* [How to complete this task] Repeat, word for word, every line from the line holding "Convite Estou com" through the final line of the entries below. Skip all pictures.

-- Input material follows --

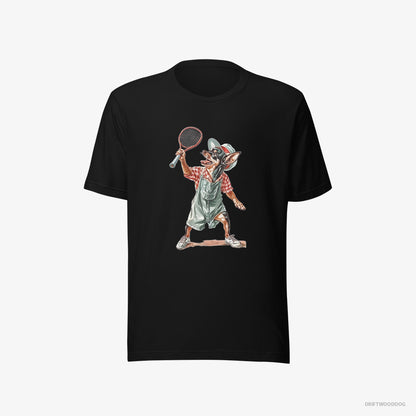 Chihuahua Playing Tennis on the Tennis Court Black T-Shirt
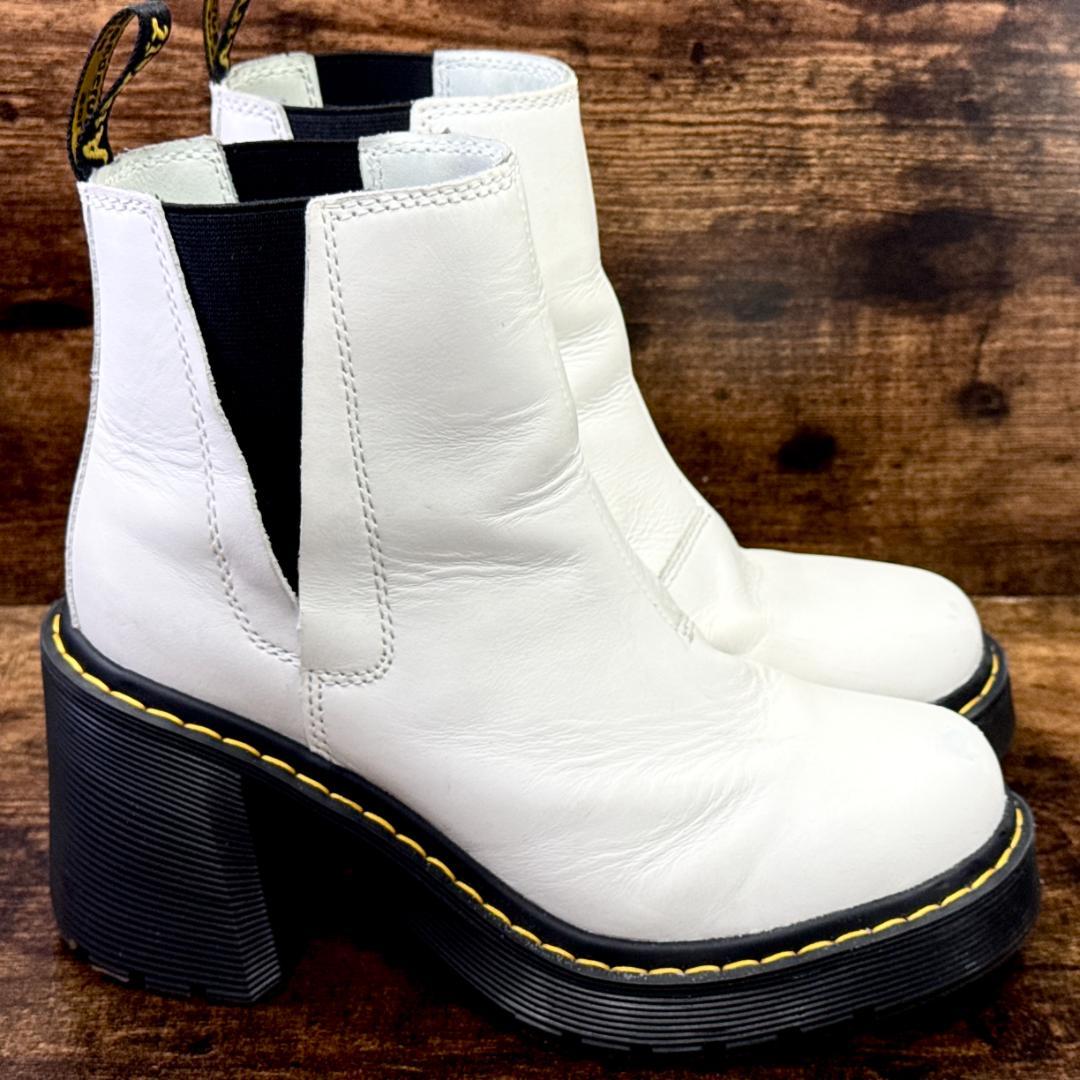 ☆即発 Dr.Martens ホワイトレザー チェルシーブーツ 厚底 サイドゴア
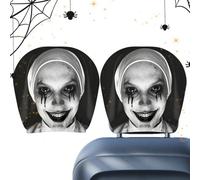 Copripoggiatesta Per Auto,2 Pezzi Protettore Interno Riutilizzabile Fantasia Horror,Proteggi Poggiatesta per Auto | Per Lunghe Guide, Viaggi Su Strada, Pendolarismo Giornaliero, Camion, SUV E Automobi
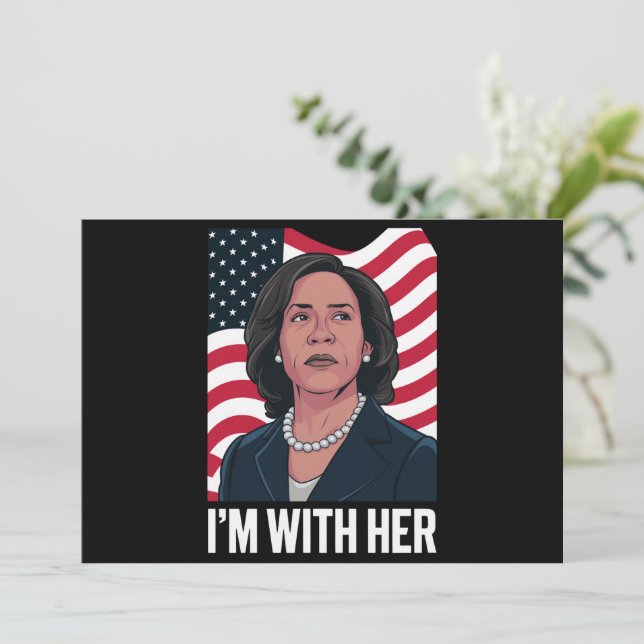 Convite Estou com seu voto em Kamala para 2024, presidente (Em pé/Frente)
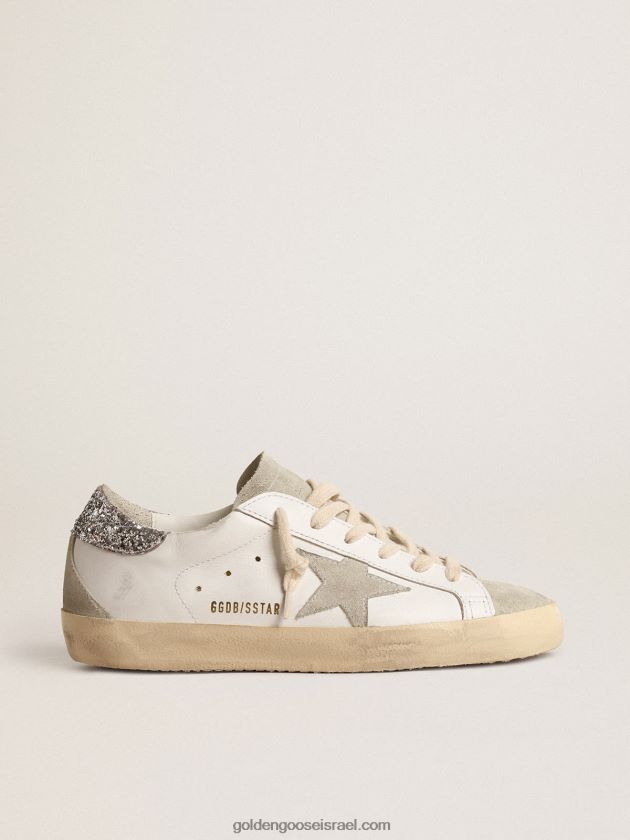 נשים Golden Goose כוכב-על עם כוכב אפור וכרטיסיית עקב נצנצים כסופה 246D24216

-- Input material concluded --

* [Reply]
 Convite Estou com seu voto em Kamala para 2024, presidente (Em pé/Frente)
 נשים Golden Goose כוכב-על עם כוכב אפור וכרטיסיית עקב נצנצים כסופה 246D24216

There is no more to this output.